[Raw data Boundary: Start]

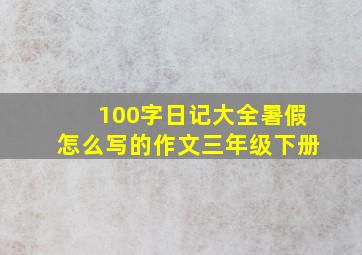 100字日记大全暑假怎么写的作文三年级下册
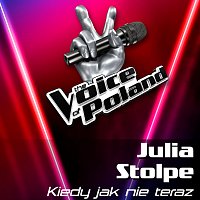 Julia Stolpe – Kiedy Jak Nie Teraz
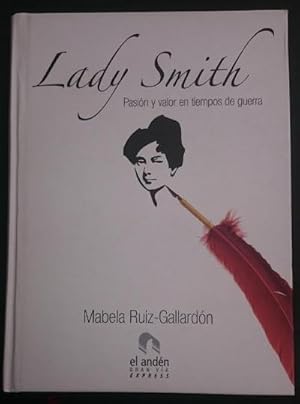 Bild des Verkufers fr Lady Smith. La fascinante historia de la herona de Badajoz durante la Guerra de Independencia Espaola zum Verkauf von Librera Reencuentro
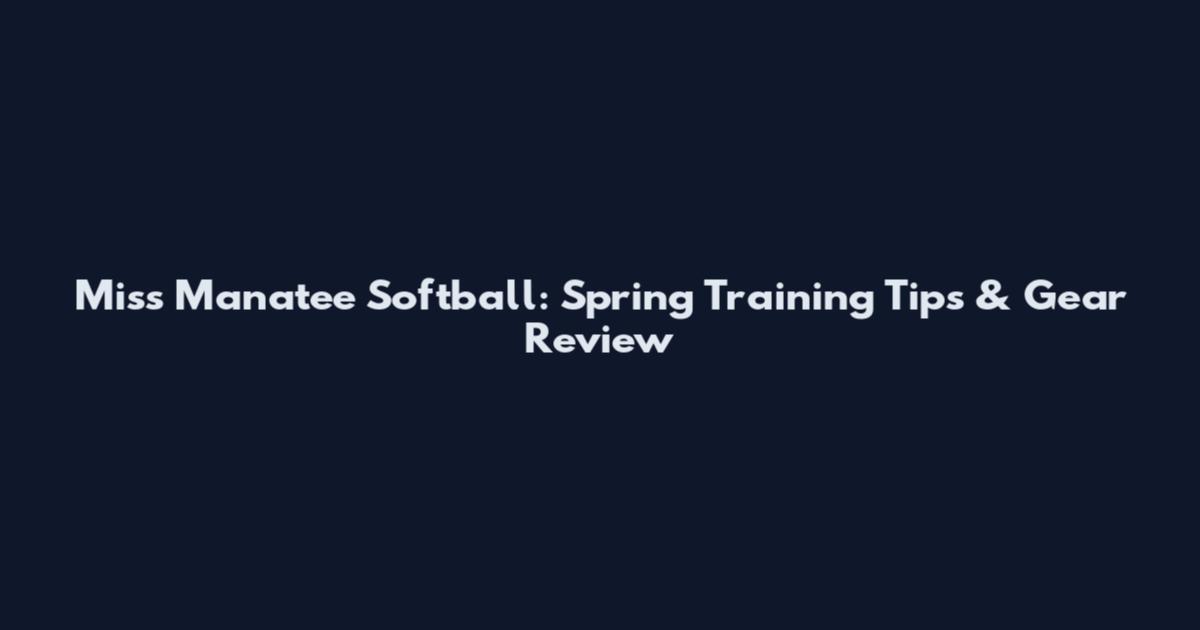 Miss Manatee Softball: Spring Training Tips & Gear Review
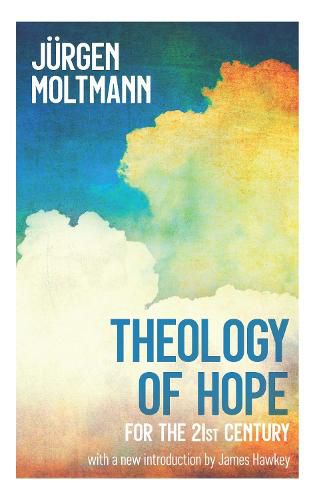 Theology of Hope: for the 21st Century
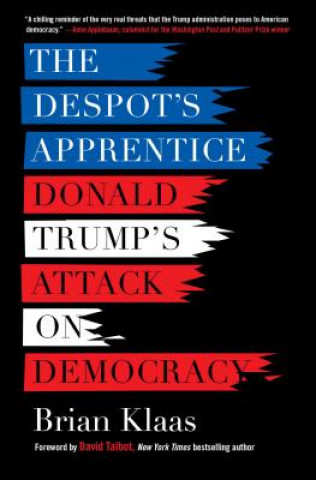 Kniha The Despot's Apprentice: Donald Trump's Attack on Democracy Brian Klaas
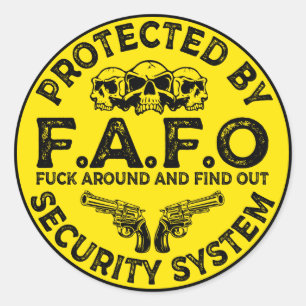 Protected by FAFO security system Classic Round Sticker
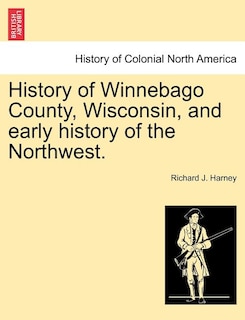 Couverture_History Of Winnebago County, Wisconsin, And Early History Of The Northwest.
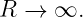 R →  ∞.
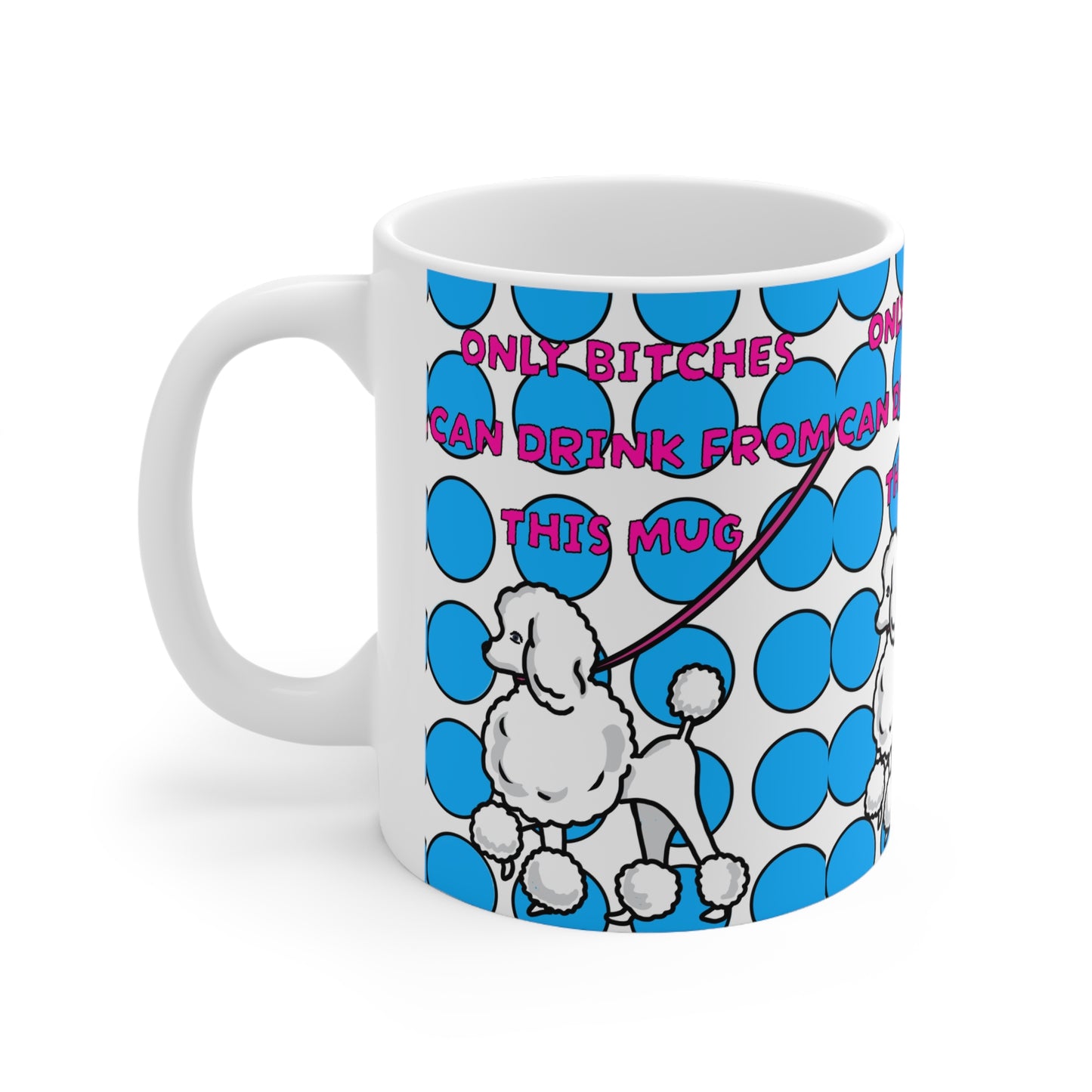 Bitches Poodle | Funny Mug | More Jam
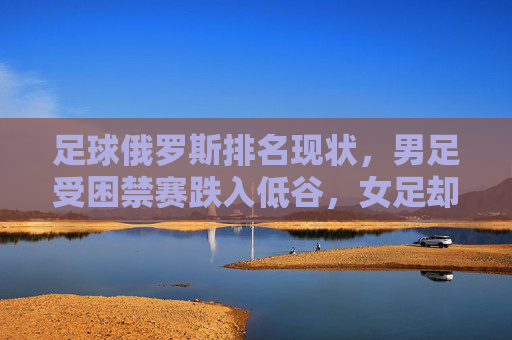 足球俄罗斯排名现状，男足受困禁赛跌入低谷，女足却稳居世界前列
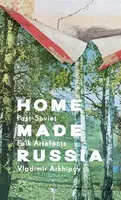 Home Made Russia - FUEL, Vladimir Arkhipov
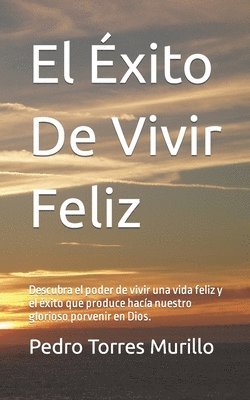 bokomslag El Éxito De Vivir Feliz: Descubra el poder de vivir una vida feliz y el éxito que produce hacía nuestro glorioso porvenir en Dios.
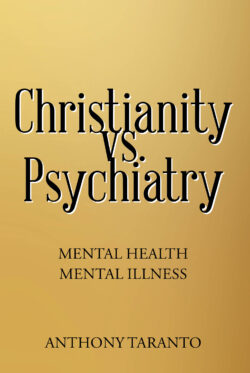 Christianity vs. Psychiatry
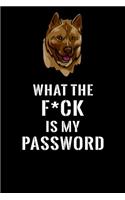 What The F*CK Is My Password, Akita: Password Book Log & Internet Password Organizer, Alphabetical Password Book, password book Akita and Notebook, book with Akita, 120 Pages 6 x 9 inch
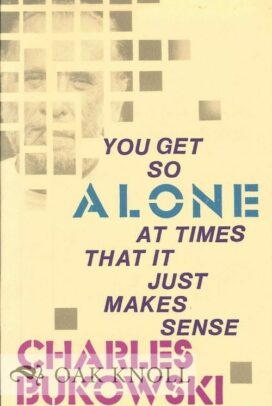 You Get So Alone At Times That It Just Makes Sense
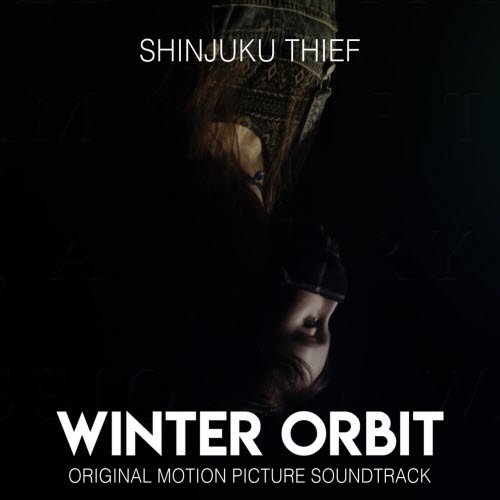 Shinjuku Thief - Winter Orbit (Original Motion Picture Soundtrack) (2020)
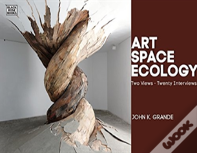 Art, Space, Ecology - Two Views-Twenty Interviews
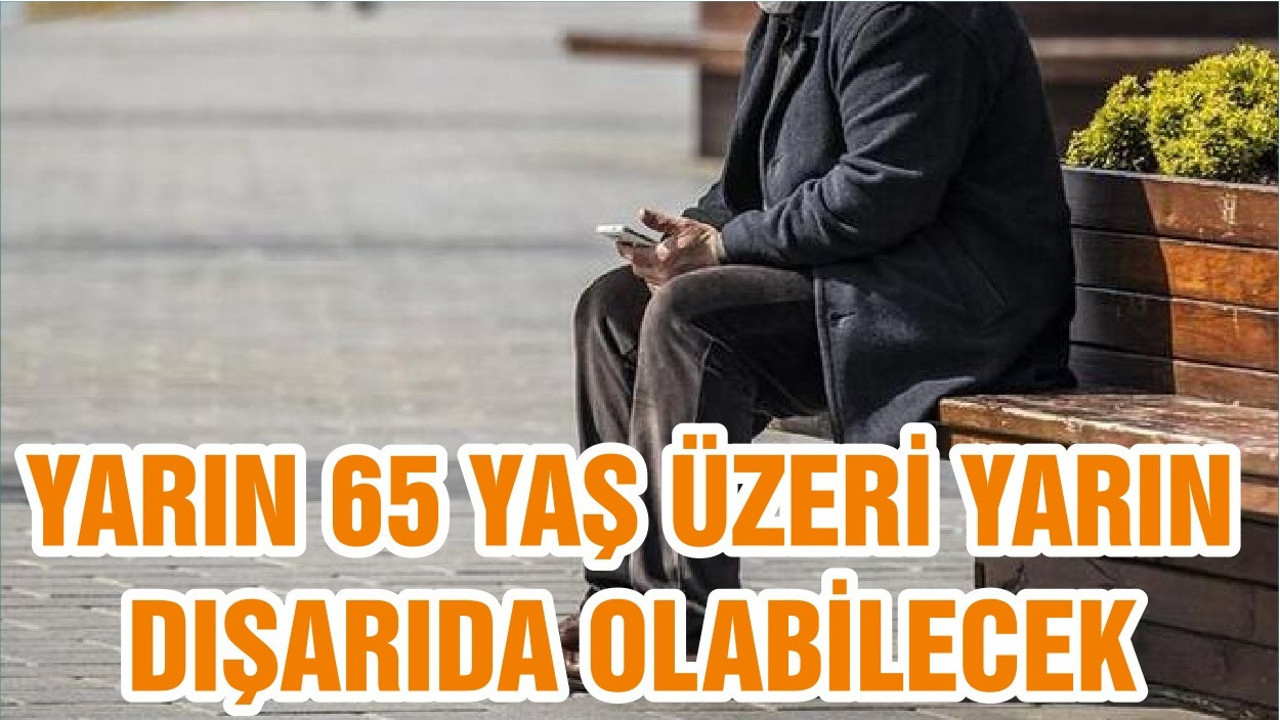 YARIN 65 YAŞ ÜZERİ YARIN DIŞARIDA OLABİLECEK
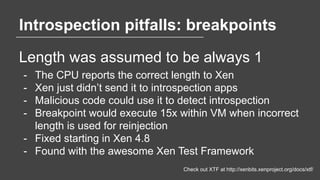 Introspection pitfalls: breakpoints
Length was assumed to be always 1
- The CPU reports the correct length to Xen
- Xen ju...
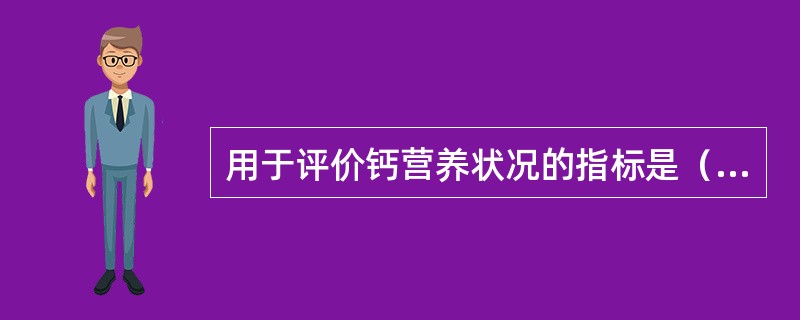 用于评价钙营养状况的指标是（）。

[Raw data Boundary: End]

| Work order |
Your answer should be the lines above, word for word, from the line with "You Get So Alone" through the line with "Introspection pitfalls: breakpoints", minus the pictures.

| Exercise answer |
 You Get So Alone At Times That It Just Makes Sense
 Shinjuku Thief - Winter Orbit (Original Motion Picture Soundtrack) (2020)
 Art, Space, Ecology - Two Views-Twenty Interviews
 YARIN 65 YAŞ ÜZERİ YARIN DIŞARIDA OLABİLECEK
 Introspection pitfalls: breakpoints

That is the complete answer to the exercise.